From the course: Everyday Statistics, with Eddie Davila

The normal distribution is everywhere

- [Instructor] Perhaps when you were in school the instructor would put up the entire class' test results on a chart. Often it would look like a bell. In fact, they might have referred to it as the bell curve. Actually, you probably had a number of instructors that showed this to you. Maybe you even started to wonder if it was an academic conspiracy. Well, I'm here to tell you it's not a conspiracy. In fact, we don't just see bell-shaped distributions on test scores. They're everywhere. All around us. And while we might refer to this curve as the bell curve, statisticians refer to it as a normal distribution. And as I said, so many things in nature and society are normally distributed. If you measure the blood pressure of a large number of humans, the results will look like a bell curve. The temperature in London over the last 10 years. The sizes of watermelons grown in a certain state. The heights of NBA basketball players.

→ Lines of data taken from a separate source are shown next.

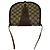 Bolso de hombro de cuero Gucci Vintage GG Pattern Logo Castaño - vista 4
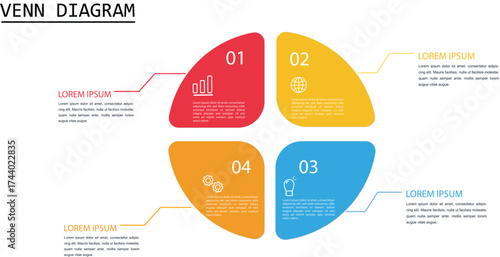 Circle Venn diagram infographic
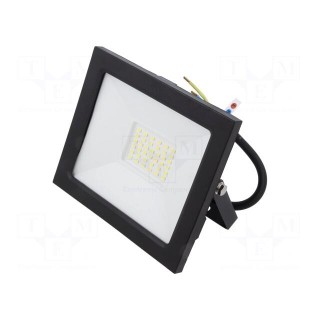 Lamp: LED flood light | 230VAC | 30W | 6400K | CRImin: 80 | 2400lm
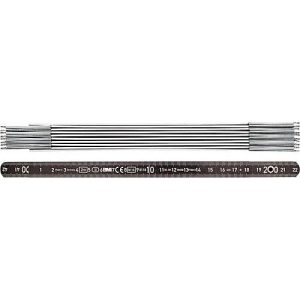 Gliedermaßstab L.2m B.14mm mm/cm EG II Alu.schwarz BMI Gliedermaßstab L.2m B.14mm mm/cm EG II Alu.schwarz BMI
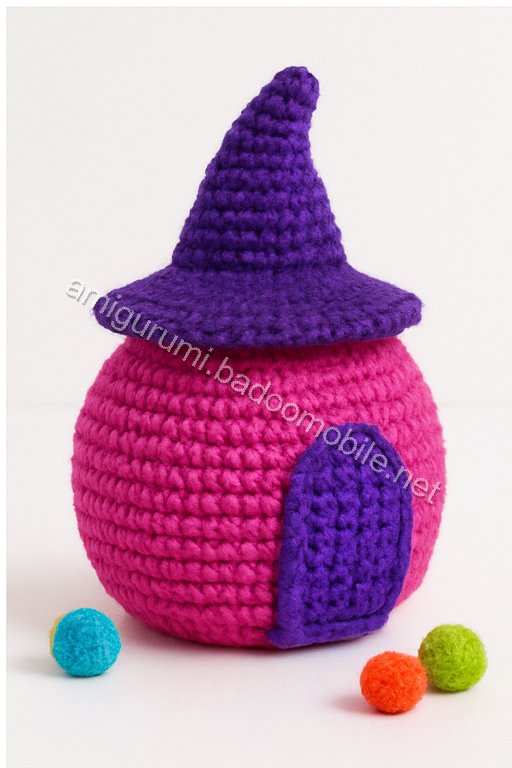 Amigurumi Pumpkin Witch House Free Pattern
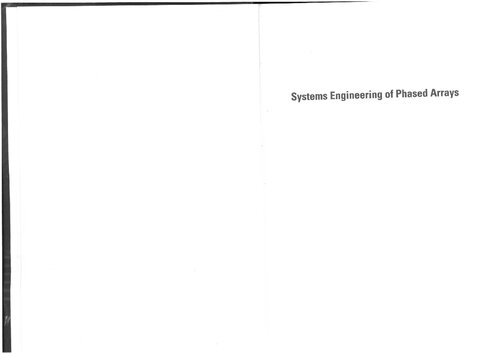 Systems Engineering of Phased Arrays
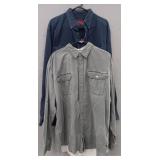 (2) Men's Button Up Shirts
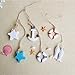 HUANXUN Mediterranean Nautical Fish Net Accessory - Anchor, Shell, Starfish, Fish, Life Ring Buoy Hangings Decorations 10 Pcs Set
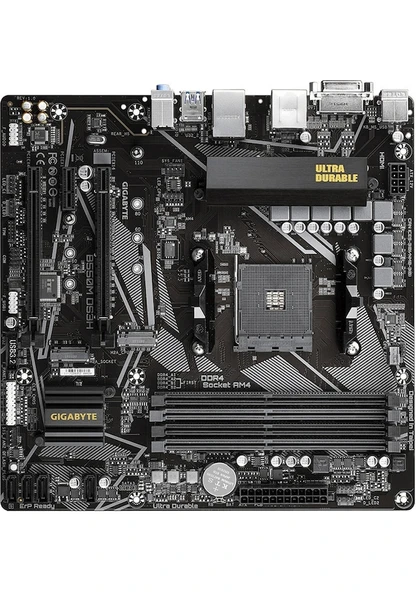 Gigabyte B550M-DS3H AMD AM4 DDR4 Micro ATX Anakart - Resim 2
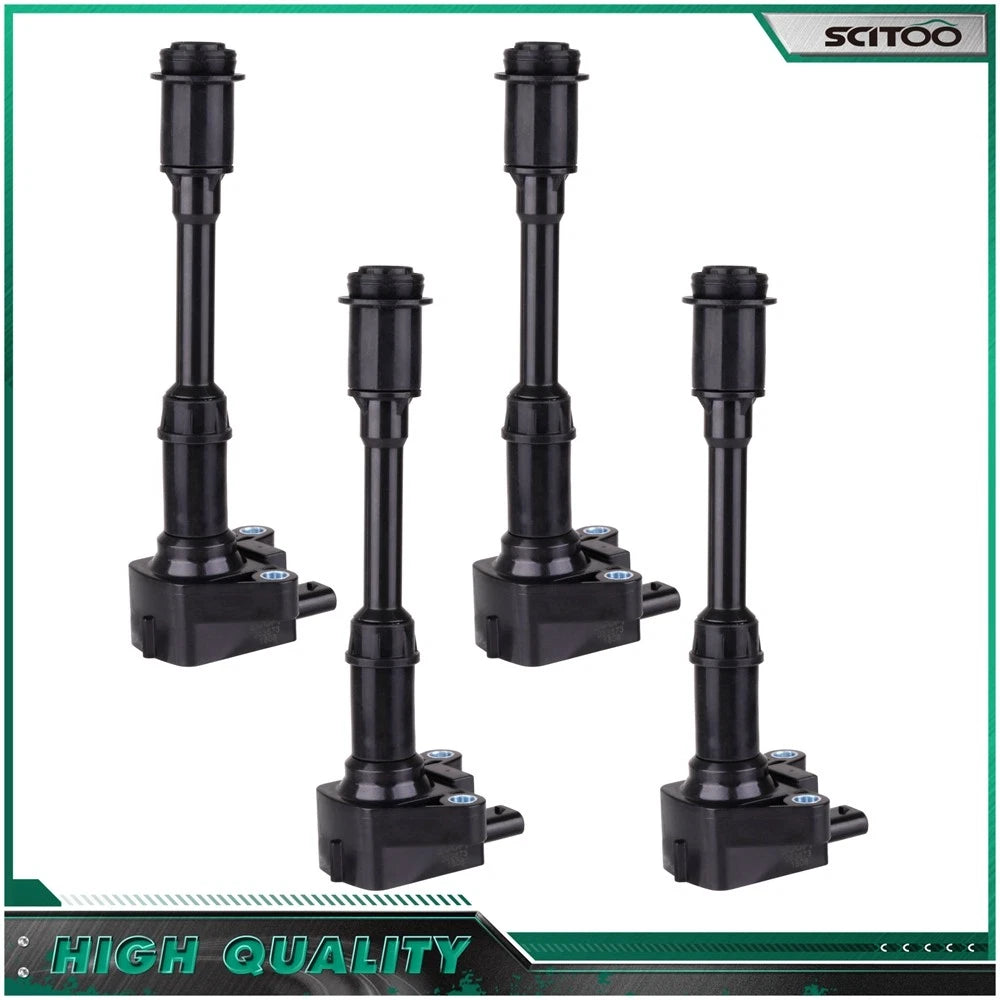 Set of 4 Ignition Coils for Ford Escape, Fiesta, Fusion, Transit Connect (1.6L Turbo)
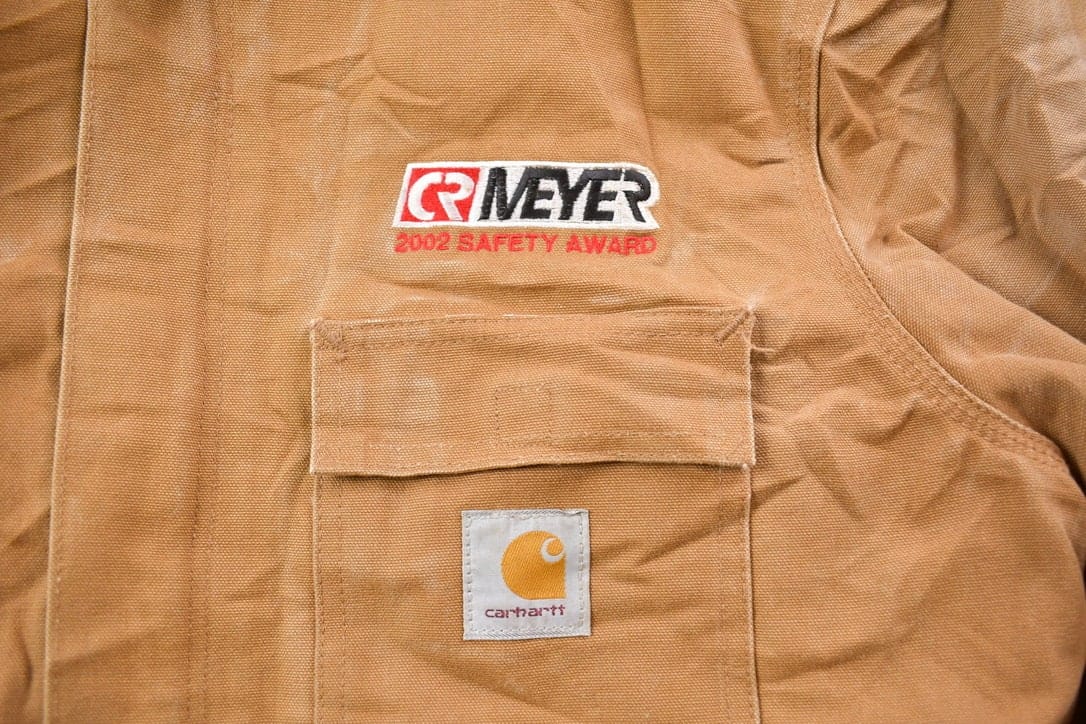 Carhartt Clothing > Gender Neutral Adult Clothing > Jackets & Coats Vintage 1990s Carhartt Blanket Lined Embroidered Painters Jacket Men's Large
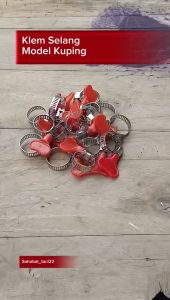 Klem Kuping Klem Selang 1/4\" 5/16\" 3/8\" 1/2\" Sampai 5/8\" Klem Selang Kompressor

Shoe sizes for women. The weights of newborn babies in Japan. When the number of observations is large enough, the data will resemble a normal curve. Now, not all normal curves are created equal. Some are tall and skinny. Some are wide and fat. And some are somewhere in between. And what's even more amazing, armed with the normal distribution and just a little bit of statistical know-how, you can estimate how common a single data point might be. Why? Well, when you have a normal distribution, about 68% of all data points will be within one standard deviation of the population average. 95% of data points will be within two standard deviations of the population average. And 99.7% of all data points will be within three standard deviations of the population average. So since you know that many things in nature, like blood pressure, are normally distributed, if you had the population's average blood pressure and you could calculate the standard deviation for the population, you would be able to see if someone's blood pressure was pretty normal, within one standard deviation of the average. Or maybe a huge outlier. That is, three or more standard deviations from the mean. As I said, the test score bell curve is not a conspiracy. And it's something you'll likely encounter in nearly any career. Take the time to get the basic statistics foundation that will help you discover the importance of the normal distribution.